Gelelim ikinci sırada Allah'ın yemin ettiği, on geceden neyin kast edildiğine. Tekrar hatırlatmak istiyorum, bizler eğer ayetlerde geçen bazı kelimelerin, ne anlama geldiğini kesin ve net olarak anlayamıyorsak bu kelimeleri, bir öncesi ve sonrası ayetlerde anlatılanlarla birlikte anlamaya çalışmalıyız. Bunu yapmaz da, rivayetlerin etkisiyle farklı, kesin olmayan bilgiler yüklersek, çok büyük yanlışlar yaparız.
Ayette geçen ON GECE kelimesine Allah'ın yemin etmesinden, bizler Allah'ın bahsettiği kusursuz yarattığı, onun yüceliğinin kanıtı olan delillerinden bahsettiğini ayette verilen örneklerden yola çıkarak önce anlamalıyız. Ama asla Kur’an'ın diğer ayetlerinde bahsetmediği, örneğini dahi vermediği manaları, asla ayette geçen kelimeye yüklememeliyiz. Bu on gece konusuna, inanılmaz çok farklı manalar yüklendiğini görüyoruz.

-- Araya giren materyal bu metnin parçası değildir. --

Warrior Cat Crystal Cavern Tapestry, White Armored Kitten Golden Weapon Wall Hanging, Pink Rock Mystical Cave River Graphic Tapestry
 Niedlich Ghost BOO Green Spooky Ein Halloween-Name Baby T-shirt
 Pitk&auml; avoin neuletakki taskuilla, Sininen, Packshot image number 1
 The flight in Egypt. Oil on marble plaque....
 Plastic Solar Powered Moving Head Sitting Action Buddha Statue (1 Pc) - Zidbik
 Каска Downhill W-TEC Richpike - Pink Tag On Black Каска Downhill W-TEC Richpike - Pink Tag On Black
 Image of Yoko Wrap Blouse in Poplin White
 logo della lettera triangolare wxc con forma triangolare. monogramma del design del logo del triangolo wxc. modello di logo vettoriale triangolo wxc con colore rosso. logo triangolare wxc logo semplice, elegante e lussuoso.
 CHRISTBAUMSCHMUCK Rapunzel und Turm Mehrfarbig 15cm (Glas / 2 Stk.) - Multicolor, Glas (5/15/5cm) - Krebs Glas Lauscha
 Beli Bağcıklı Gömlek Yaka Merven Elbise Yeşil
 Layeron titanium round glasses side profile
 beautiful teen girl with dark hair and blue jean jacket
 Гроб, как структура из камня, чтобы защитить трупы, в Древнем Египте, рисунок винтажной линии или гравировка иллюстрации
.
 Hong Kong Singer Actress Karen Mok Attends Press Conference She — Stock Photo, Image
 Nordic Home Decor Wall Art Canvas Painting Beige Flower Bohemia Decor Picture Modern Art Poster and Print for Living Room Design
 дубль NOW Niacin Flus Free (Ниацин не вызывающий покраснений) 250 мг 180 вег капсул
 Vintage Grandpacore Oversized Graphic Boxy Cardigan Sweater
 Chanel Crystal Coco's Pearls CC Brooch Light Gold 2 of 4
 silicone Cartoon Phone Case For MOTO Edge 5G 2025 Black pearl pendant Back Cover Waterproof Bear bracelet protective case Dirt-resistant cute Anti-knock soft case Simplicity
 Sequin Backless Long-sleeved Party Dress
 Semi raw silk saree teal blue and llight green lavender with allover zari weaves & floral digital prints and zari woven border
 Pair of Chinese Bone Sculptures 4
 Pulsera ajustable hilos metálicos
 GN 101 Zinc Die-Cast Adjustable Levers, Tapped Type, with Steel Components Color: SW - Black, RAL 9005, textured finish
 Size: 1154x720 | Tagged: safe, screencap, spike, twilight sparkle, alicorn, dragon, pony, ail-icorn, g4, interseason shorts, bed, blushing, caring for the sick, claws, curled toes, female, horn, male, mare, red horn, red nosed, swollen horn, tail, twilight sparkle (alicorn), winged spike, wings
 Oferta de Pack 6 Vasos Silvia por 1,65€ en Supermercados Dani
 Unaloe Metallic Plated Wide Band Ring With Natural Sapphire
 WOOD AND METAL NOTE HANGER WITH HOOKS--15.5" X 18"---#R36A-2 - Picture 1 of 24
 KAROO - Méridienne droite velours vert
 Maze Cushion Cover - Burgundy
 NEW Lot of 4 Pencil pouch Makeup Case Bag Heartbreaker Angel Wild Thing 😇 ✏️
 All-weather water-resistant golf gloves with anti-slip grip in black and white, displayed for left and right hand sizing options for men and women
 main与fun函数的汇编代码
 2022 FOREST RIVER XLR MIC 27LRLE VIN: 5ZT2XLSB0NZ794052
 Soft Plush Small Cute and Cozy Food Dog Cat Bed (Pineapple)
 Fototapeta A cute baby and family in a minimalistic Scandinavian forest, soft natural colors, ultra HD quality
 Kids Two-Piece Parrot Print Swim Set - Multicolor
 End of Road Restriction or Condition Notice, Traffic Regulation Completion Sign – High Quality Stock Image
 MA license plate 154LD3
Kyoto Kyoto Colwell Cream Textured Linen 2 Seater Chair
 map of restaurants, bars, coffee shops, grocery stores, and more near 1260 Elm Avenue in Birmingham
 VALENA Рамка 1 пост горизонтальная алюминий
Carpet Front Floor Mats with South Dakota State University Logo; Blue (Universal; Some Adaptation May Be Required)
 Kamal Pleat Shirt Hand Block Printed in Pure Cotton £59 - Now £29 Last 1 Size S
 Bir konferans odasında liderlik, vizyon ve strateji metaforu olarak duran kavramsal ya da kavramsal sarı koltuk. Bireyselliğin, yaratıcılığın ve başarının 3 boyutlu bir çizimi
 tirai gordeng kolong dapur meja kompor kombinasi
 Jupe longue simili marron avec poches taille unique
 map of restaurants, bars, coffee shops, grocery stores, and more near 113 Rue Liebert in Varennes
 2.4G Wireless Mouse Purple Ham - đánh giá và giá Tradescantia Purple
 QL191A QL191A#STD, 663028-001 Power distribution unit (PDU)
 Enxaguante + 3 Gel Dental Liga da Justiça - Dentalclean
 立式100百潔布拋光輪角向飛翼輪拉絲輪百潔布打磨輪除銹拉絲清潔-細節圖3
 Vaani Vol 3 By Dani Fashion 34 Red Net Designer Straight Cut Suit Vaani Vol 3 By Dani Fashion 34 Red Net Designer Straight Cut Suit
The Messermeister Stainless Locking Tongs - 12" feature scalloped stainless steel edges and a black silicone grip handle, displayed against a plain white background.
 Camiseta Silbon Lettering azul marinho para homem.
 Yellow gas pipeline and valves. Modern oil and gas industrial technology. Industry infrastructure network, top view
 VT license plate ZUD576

Hiç kimsede günümüzde, Allah bu on geceyle şunu kast etmiştir diyemiyor, farklı şeyler söylüyorlar, bunu belirtmek isterim. Örnekler verelim.
"TEFSİRLERDE BU ON GECENİN, KAMERİ YILIN İLK AYI OLAN MUHARREM AYININ İLK ON GECESİ OLDUĞU BİLDİRİLMİŞTİR."
“ON GECE” ZİLHİCCE AYININ KURBAN BAYRAMI’NA KADAR Kİ İLK ON GECESİ YAHUT RAMAZAN’IN SON ON GECESİ VEYA MUHARREM AYININ İLK ONU OLABİLİR. BUNDAN AYRICA ALLAH’IN BİZE MAHİYETİNİ BİLDİRMEDİĞİ BİR BAŞKA ON GECEDE ANLAŞILABİLİR."
"BU ÂYETTE GEÇEN “ON GECE”, KUVVETLİ OLAN GÖRÜŞE GÖRE ZİLHİCCE AYININ İLK ON GECESİDİR."
Bu ve buna benzer tahmini düşüncelerin, genel çoğunluk âlimlerin, bu konuda hem fikir olduğunu söyleyerek, ayette geçen on geceye bu anlamlar verilmiştir. HÂLBUKİ ALLAH KUR’AN'DA, BAYRAMDAN BAHSETMEZ. Örneği bile yoktur. Her nedense hiç birimiz, bu düşünceye nereden vardınız, Allah bunları kast etseydi bizlere açıklamaz mıydı diyen, çok fazla Müslüman ne yazık ki yok. Kuvvetli görüş kişilerin görüşleri değil, ALLAH'IN KUR'AN'DA AÇIKLADIĞI GÖRÜŞTÜR Lütfen bunu unutmayalım. Çünkü Allah, bizleri yalnız Kur'an'dan sorumlu tutacağına hükmetmiştir. Konusu geçmişken hatırlatmak isterim. Bu ayette bahsedilen 10 gecenin kesinlikle ne anlama geldiğinin hemen anlaşılamaması, iman edenlerin inançlarında bir eksiklik yaratmıyor.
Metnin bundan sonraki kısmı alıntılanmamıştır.